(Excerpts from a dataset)
· · · · · · ·

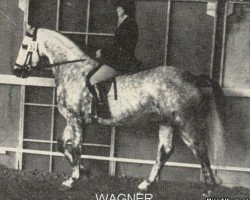 stallion Wagner (Holsteiner, 1963, from Sterndeuter)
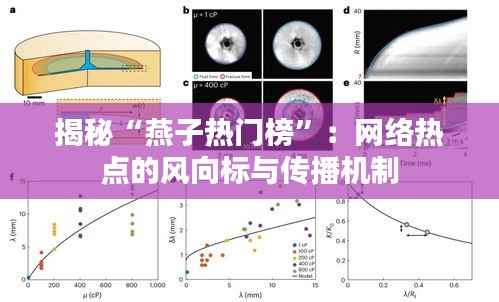 揭秘“燕子热门榜”：网络热点的风向标与传播机制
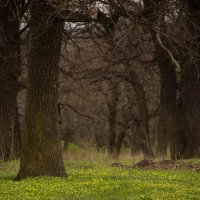 *** :: Яна Горбунова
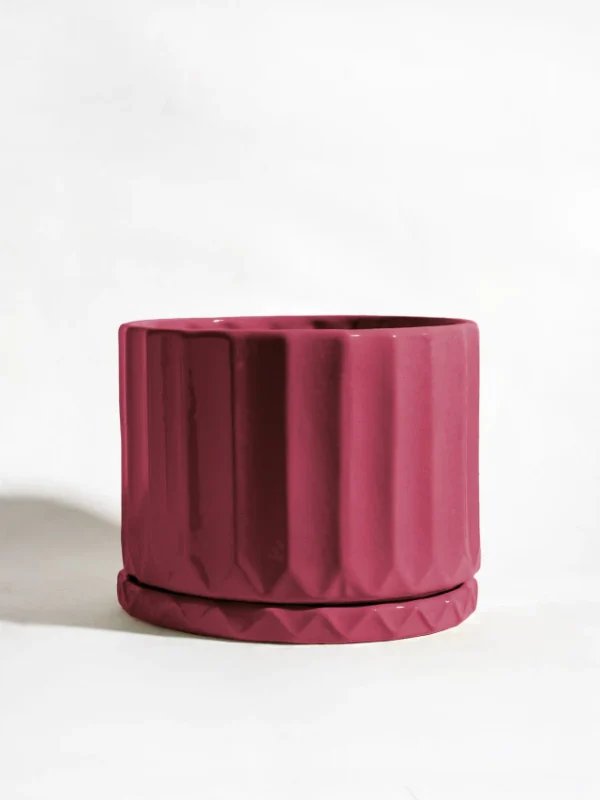 Maceta Pothia con plato vino - Moshi Home
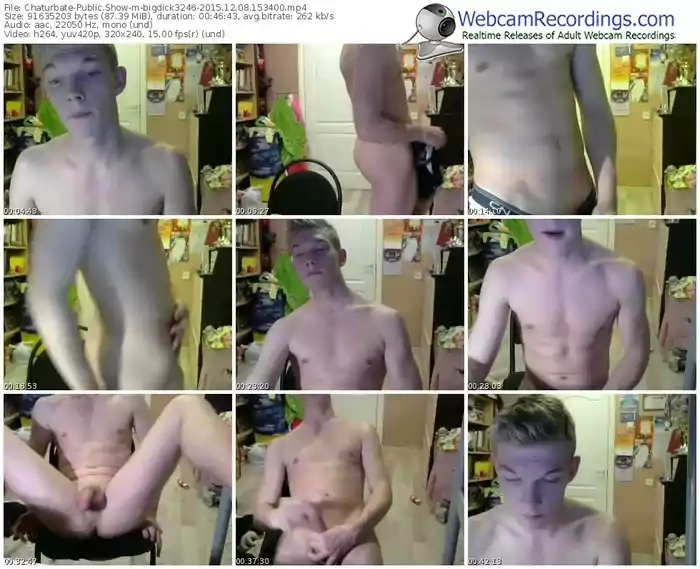 chaturbate-bigdick3246-webcam-show-12_08_2015-15_34_00
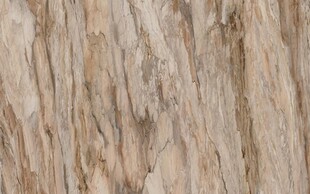 咖啡色大理石石纹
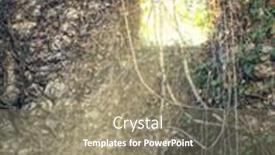  Presentation with ivy - Cool new presentation theme with sunlight bursts through the ivy-twisted window of the ruined building backdrop and a gray colored foreground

· · · · · · ·

What is needed is an exact reprint of every entry, pictures excluded.

 stallion Wagner (Holsteiner, 1963, from Sterndeuter)
 揭秘“燕子热门榜”：网络热点的风向标与传播机制
 *** :: Яна Горбунова
 Maceta Pothia con plato vino - Moshi Home
 chaturbate-bigdick3246-webcam-show-12_08_2015-15_34_00
 咖啡色大理石石纹
  Presentation with ivy - Cool new presentation theme with sunlight bursts through the ivy-twisted window of the ruined building backdrop and a gray colored foreground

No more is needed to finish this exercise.